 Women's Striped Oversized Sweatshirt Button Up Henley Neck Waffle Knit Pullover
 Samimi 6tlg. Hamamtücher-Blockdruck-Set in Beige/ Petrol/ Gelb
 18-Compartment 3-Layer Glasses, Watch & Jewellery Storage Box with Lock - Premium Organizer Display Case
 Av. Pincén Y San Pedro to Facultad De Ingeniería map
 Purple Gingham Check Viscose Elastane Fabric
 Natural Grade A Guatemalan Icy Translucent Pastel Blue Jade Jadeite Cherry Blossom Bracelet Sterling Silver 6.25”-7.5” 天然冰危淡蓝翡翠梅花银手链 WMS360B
================
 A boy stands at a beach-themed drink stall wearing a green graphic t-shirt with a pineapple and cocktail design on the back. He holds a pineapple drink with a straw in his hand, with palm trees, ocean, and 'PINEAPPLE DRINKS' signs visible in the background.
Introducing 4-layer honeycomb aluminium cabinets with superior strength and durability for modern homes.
================
> [EXERCISE OBJECTIVE] The response should hold exactly the lines starting at the line with "A boy stands" and ending at the line with "Introducing 4-layer honeycomb", and no other line of the material above.

> [RESPONSE]
 A boy stands at a beach-themed drink stall wearing a green graphic t-shirt with a pineapple and cocktail design on the back. He holds a pineapple drink with a straw in his hand, with palm trees, ocean, and 'PINEAPPLE DRINKS' signs visible in the background.
Introducing 4-layer honeycomb aluminium cabinets with superior strength and durability for modern homes.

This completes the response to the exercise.